**** Task material ****

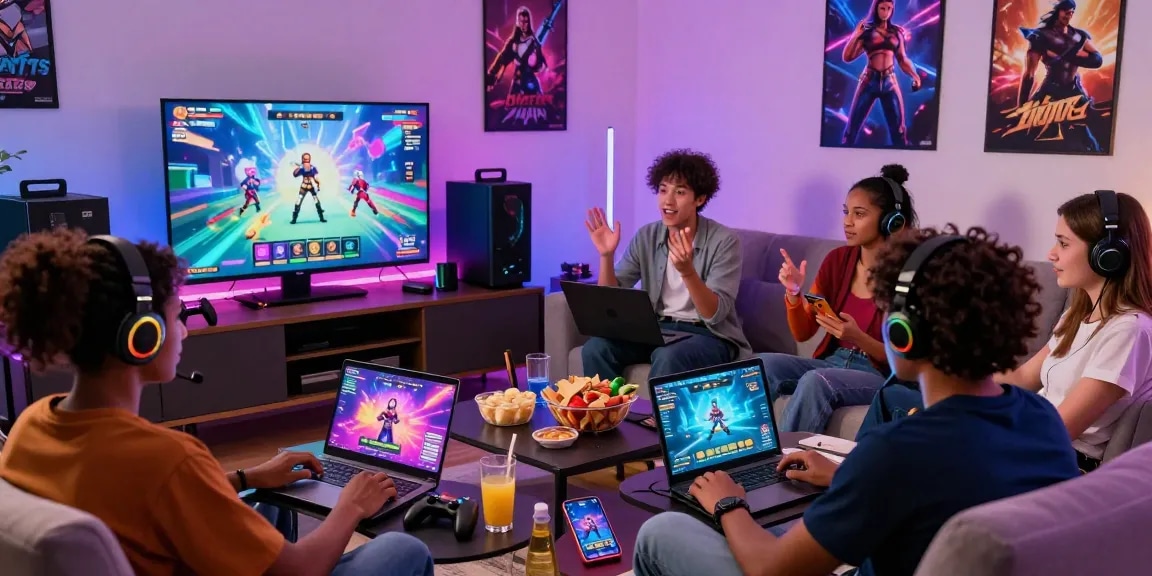 Engaged friends playing a porn game together on multiple devices in a lively gaming setup.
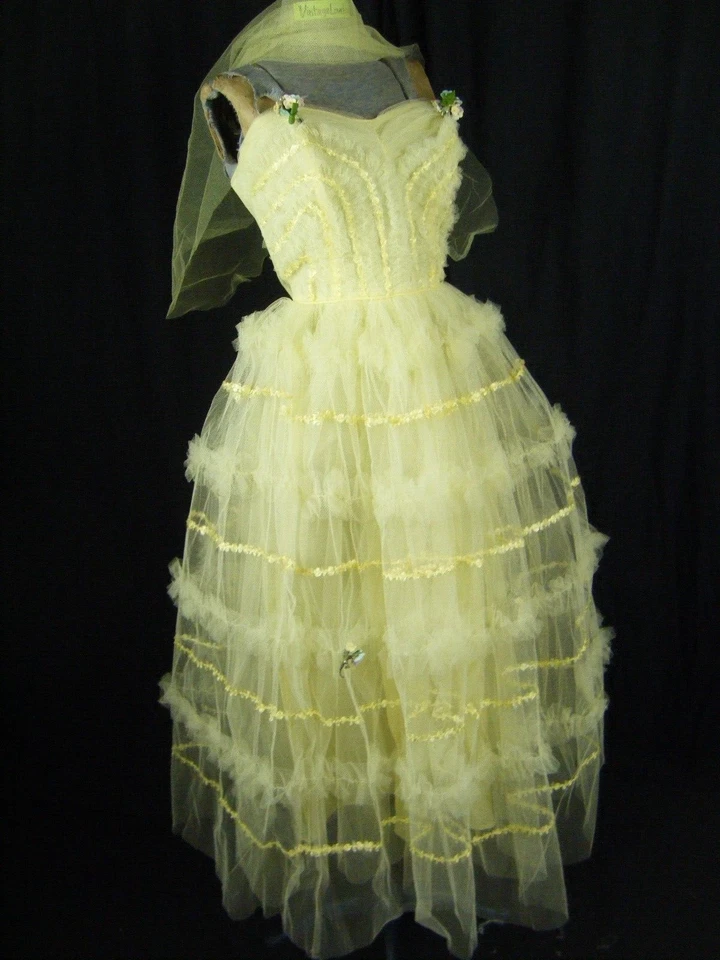 Vintage 50s Jaune Citron à Volants Dentelle sans Bretelle Fête Dress-Bust - Photo 2/4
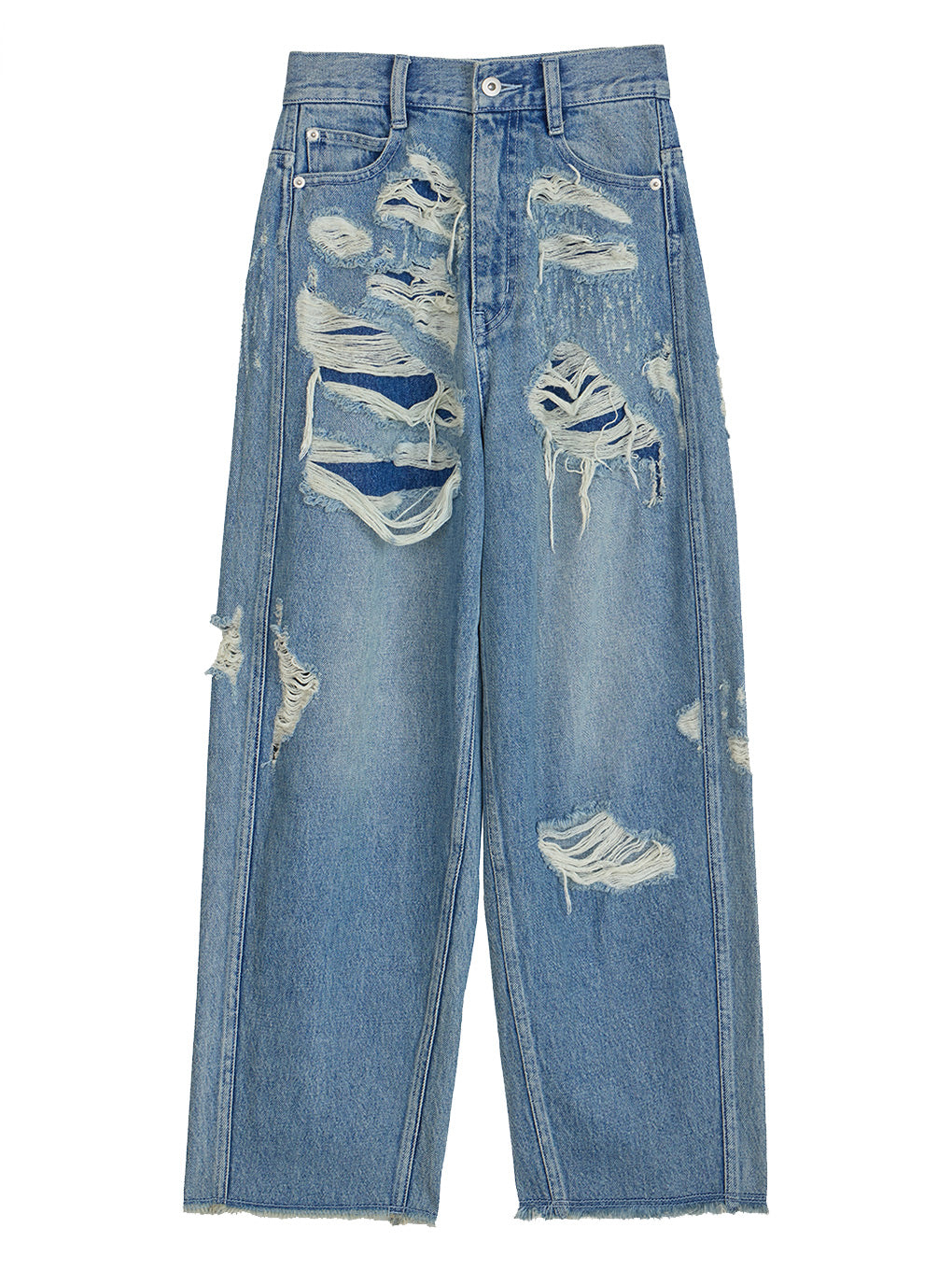 UND HARD DAMAGE LOOSE DENIM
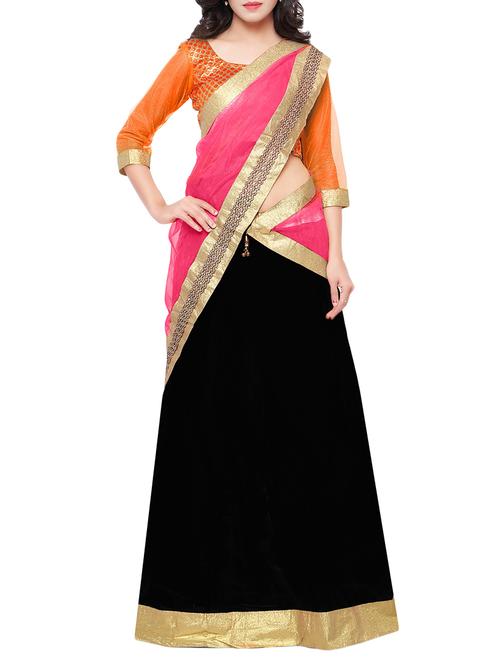 black faux georgette flared lehenga - 13003231 - Very Small Image - 1
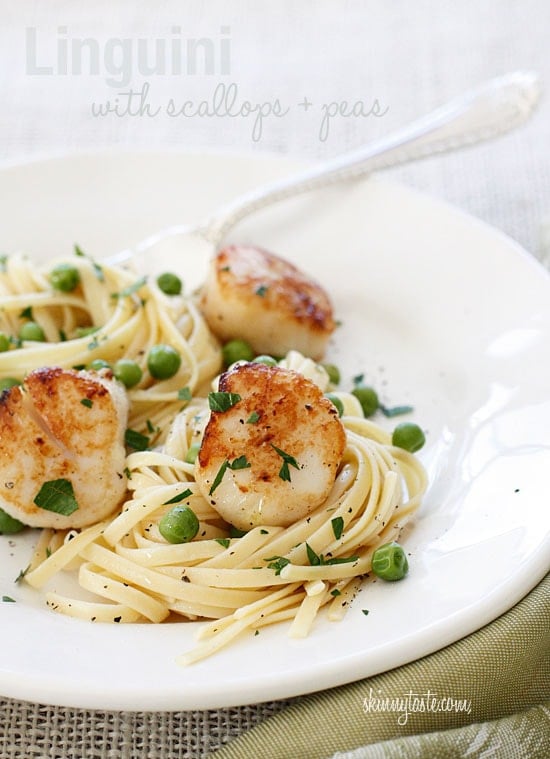 Linguini with Sautéed Scallops and Peas Low Fat, Clean Eating
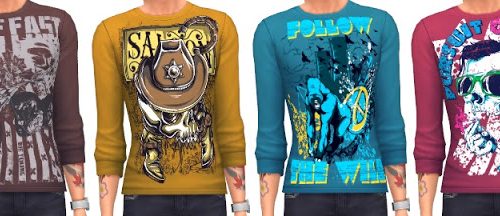 Male Print Shirts at Annett’s Sims 4 Welt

****

- What is expected -
The line that contains "Vintage 50s Jaune" begins the range and the last line of the entries ends it; print that range exactly, without pictures.

- Result for this exercise -
 Vintage 50s Jaune Citron à Volants Dentelle sans Bretelle Fête Dress-Bust - Photo 2/4
 UND HARD DAMAGE LOOSE DENIM
 black faux georgette flared lehenga - 13003231 - Very Small Image - 1
 Linguini with Sautéed Scallops and Peas Low Fat, Clean Eating
 Male Print Shirts at Annett’s Sims 4 Welt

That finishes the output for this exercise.